SU‐E‐T‐874: Investigation of the Interplay Effect Between MLC and Lung Tumor Motions Using 4DCT and RPM Profile Data

Abstract

Purpose: To evaluate the dosimetric impact of the interplay effect between the MLC motion and respiratory‐induced tumor motion in the context of 4D planning of small lung lesions treated with SBRT. Methods: IMRT plan was generated using the ITV from 10 respiratory‐correlated CT datasets on the reference (50% phase, CT50) image. The PTV included a 3 mm uniform expansion of ITV; the dose was calculated with Varian Eclipse AAA algorithm and 2.5 mm grid size. To account for the interplay effect, the time‐stamped signal from respiratory surrogate (RPM marker trace) was used to correlate the MLC control points to the individual CT phase. The dose to each phase was then computed using the actual MLC apertures and MU numbers for the specific phase.
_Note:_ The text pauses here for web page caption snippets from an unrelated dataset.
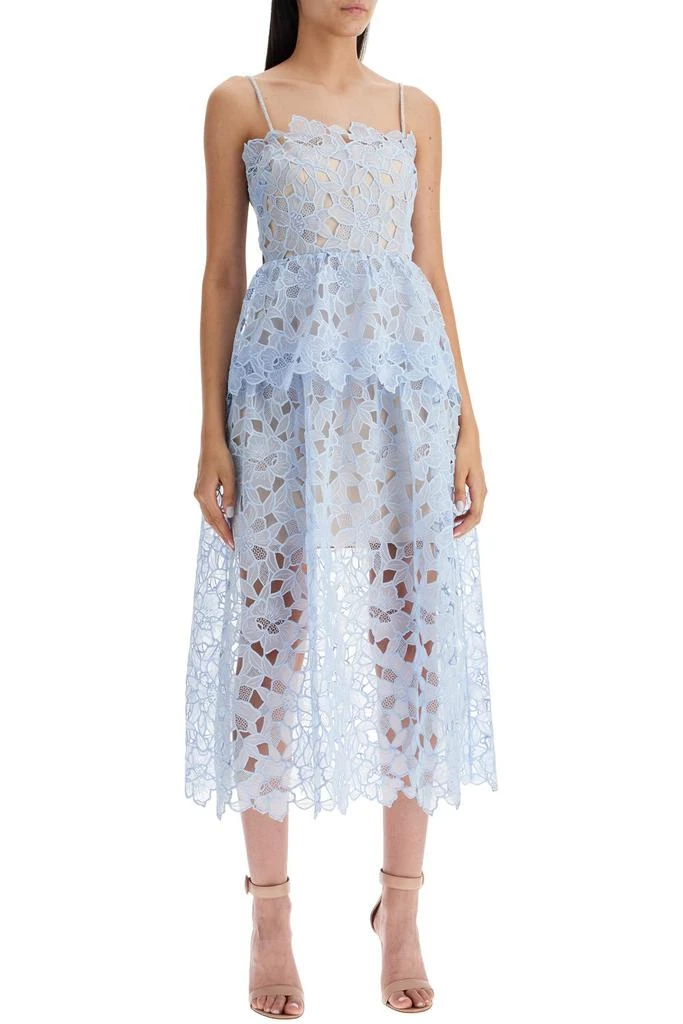 SELF PORTRAIT midi organza dress in 2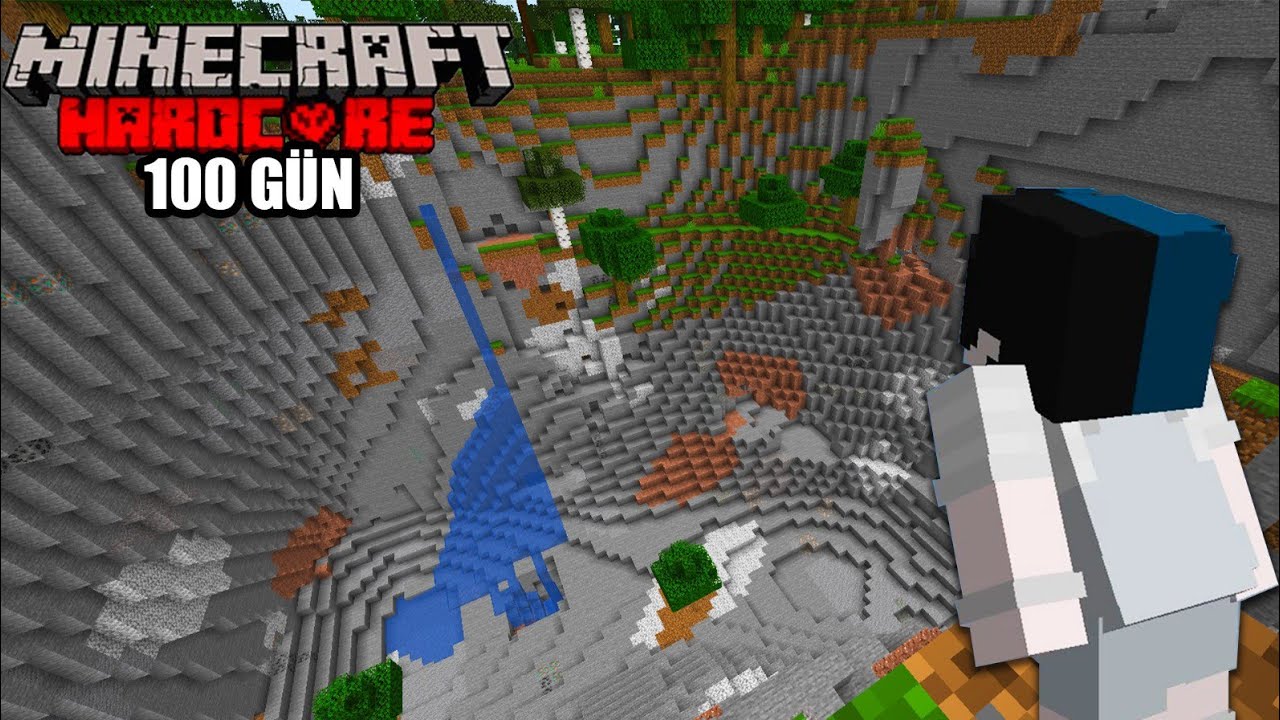 Minecraft Hardcore'da EN TUHAF Seedinde 100 Gün Hayatta Kaldım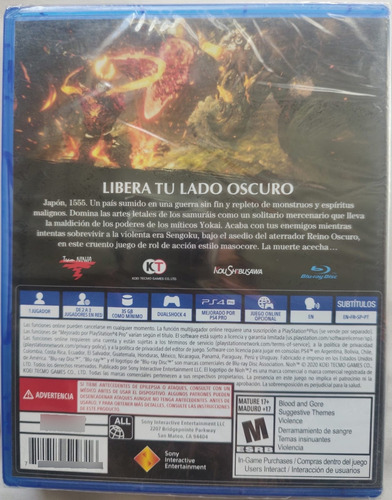 Nioh 2 Para Playstation 4 Original Nuevo (Usado)
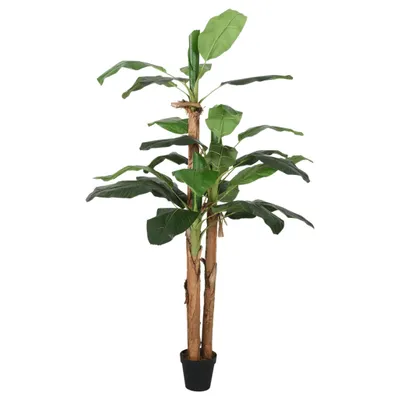 Produktbild von vidaXL Bananenbaum Künstlich 18 Blätter 150 cm Grün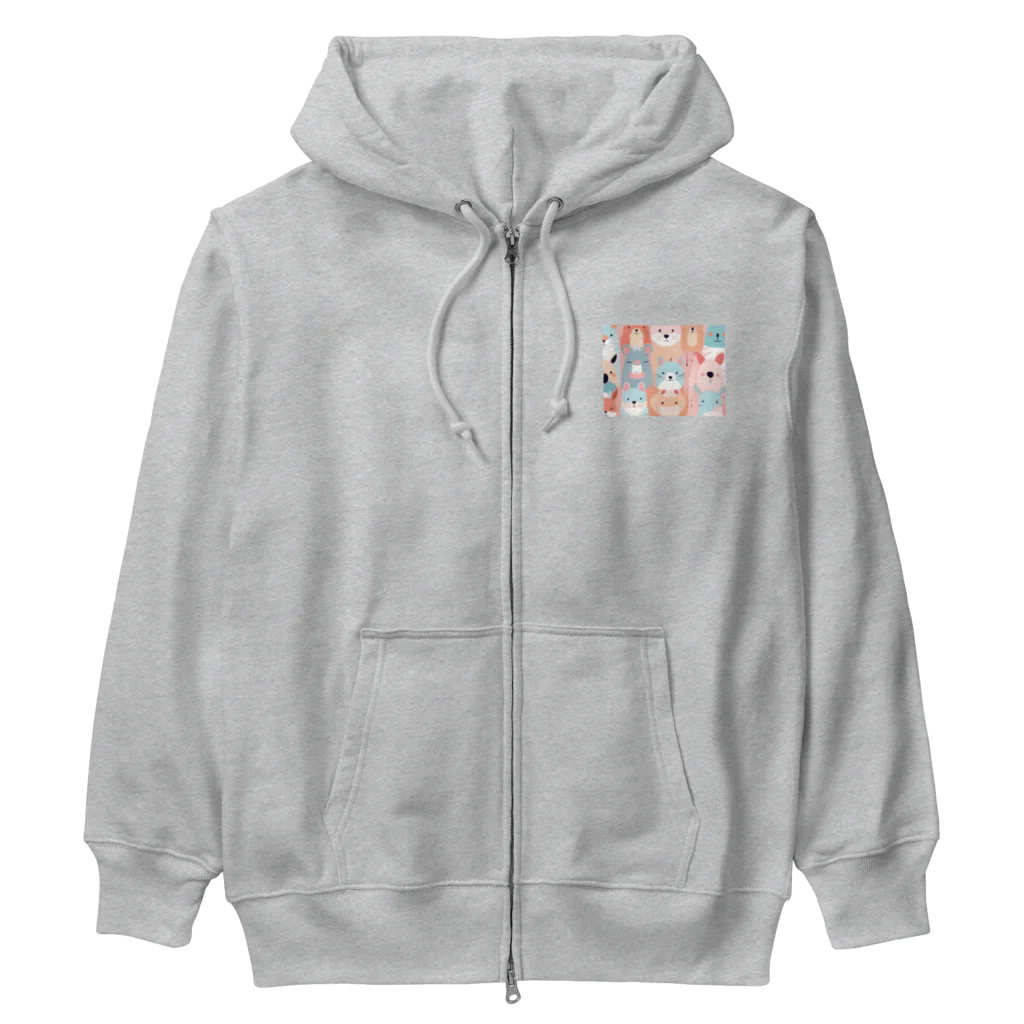 テフラんずの動物ファッションショー Heavyweight Zip Hoodie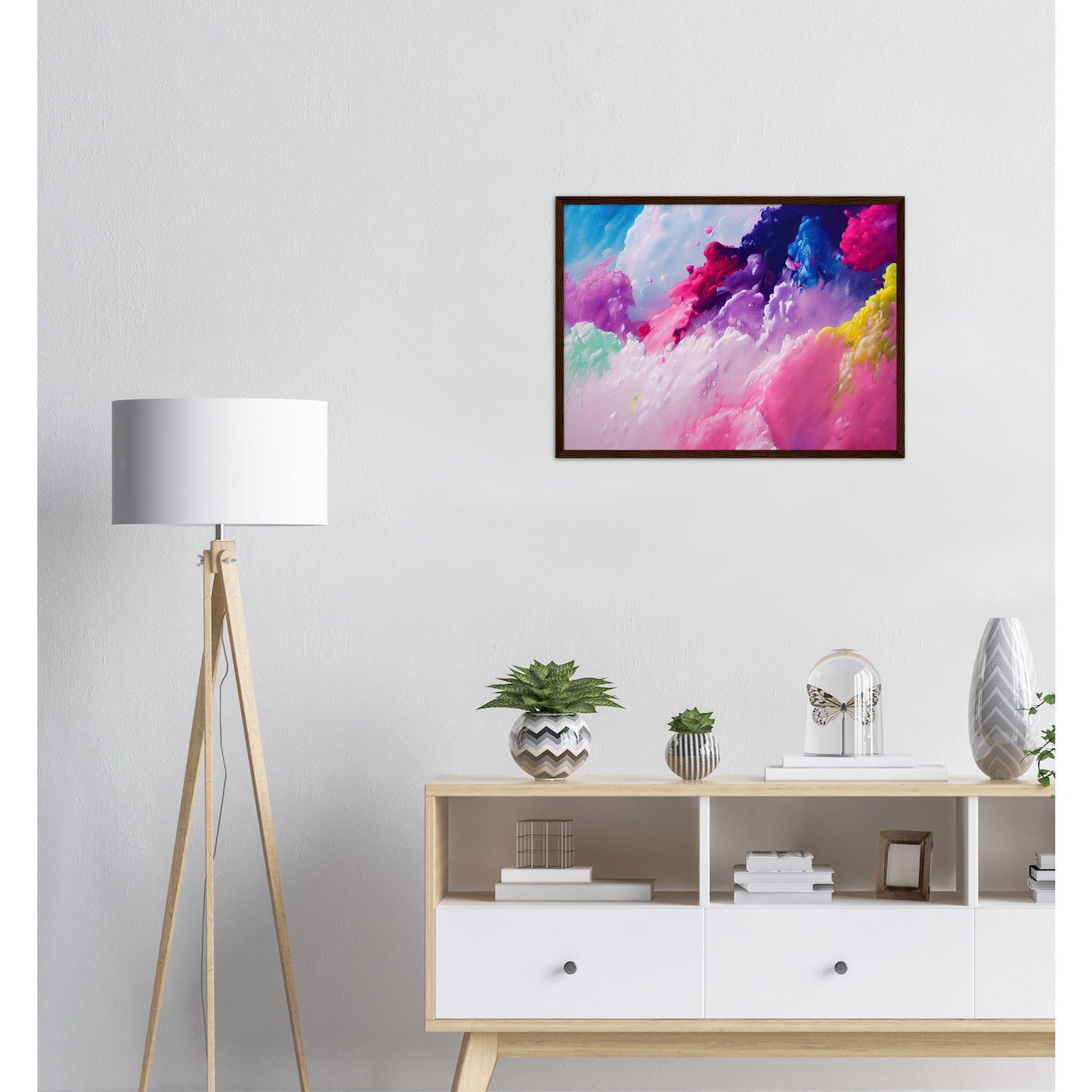 Poster mit Rahmen (Holz) - in Museumsqualität - Candy floss - Süßigkeiten - Kindheit - Cubism - Holzleisten - Fineart - Zuckerwatte - Wandkunst - Poster with frame - Abstract Kollektion - artwork - art brand - printed cup personalized - pixelboys - Kunstdrucke - wandbilder - wall art - Kunst auf Tassen - vintage art - Office Poster - Gastrotassen - Wanddekoration - Geschenkidee  - Cabdyland - Icecream - Geschenkidee - Acrylkunst - Geschenkidee - Office Poster - Acryldruck - Abstrakte Kunst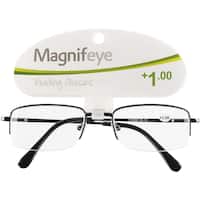 magnifeye reading glasses style d +1.00
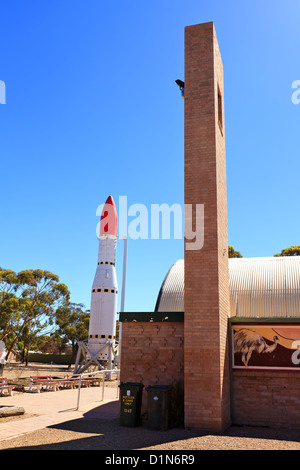 Centre du patrimoine mondial de Woomera et roquette Banque D'Images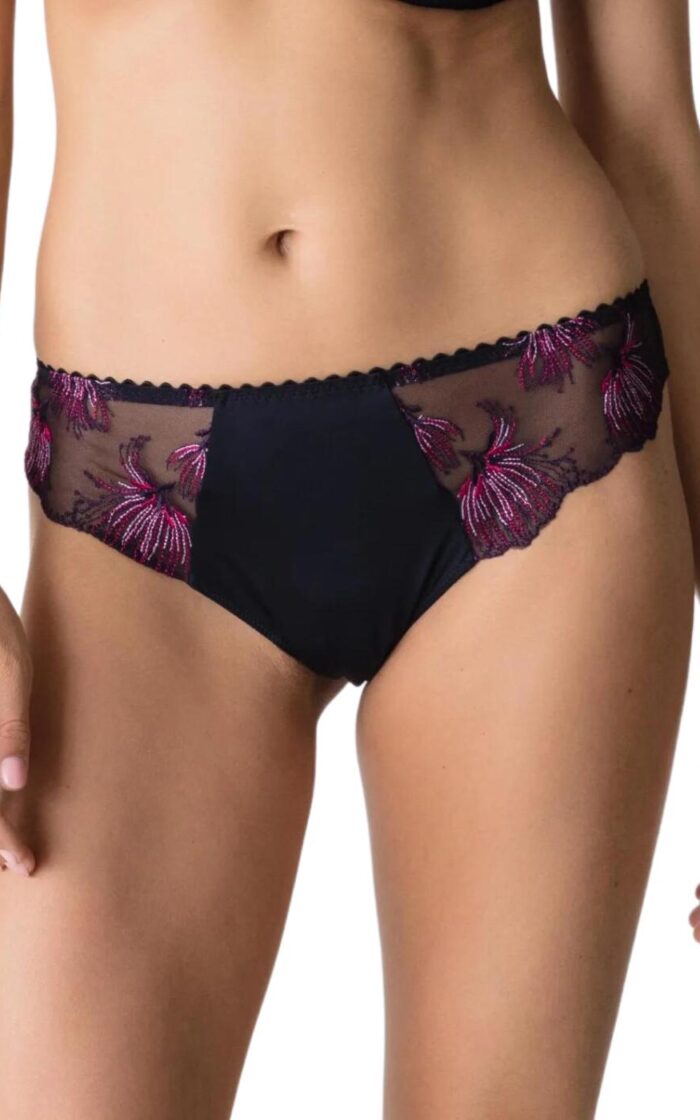 Prima Donna Fireworks Thong - Midnight Blue - L - 14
Doses from individual phases were mapped and accumulated to the CT50 dataset using a Demons‐based deformable registration algorithm. A “standard” 4D plan was also generated in which the entire treatment plan was applied to each phase with appropriate weighting of the time spent at each phase, but without accounting for the correlation of the MLC sequence with the respiratory phases. The method was applied to two lung SBRT cases with tumor motion 1.2 and 2.0 cm in amplitude sup/inf. Results: For mean PTV dose, the discrepancy induced by interplay effect was −5.7% to 33.4% (with mean −+ SD of 1.3 −+ 8.7%) for individual phases. For the accumulated dose it was 0.0% and 0.1% for the two cases respectively. The maximum point dose discrepancy within PTV was 0.4 out of 48 Gy. The interplay effect reduced the minimum PTV and ITV dose by about 0.5%. Conclusions: This initial study showed that the dosimetric impact of interplay effect dimmed out as 4D doses were accumulated. Further assessment for wide spectrum of plan and delivery scenarios should be performed.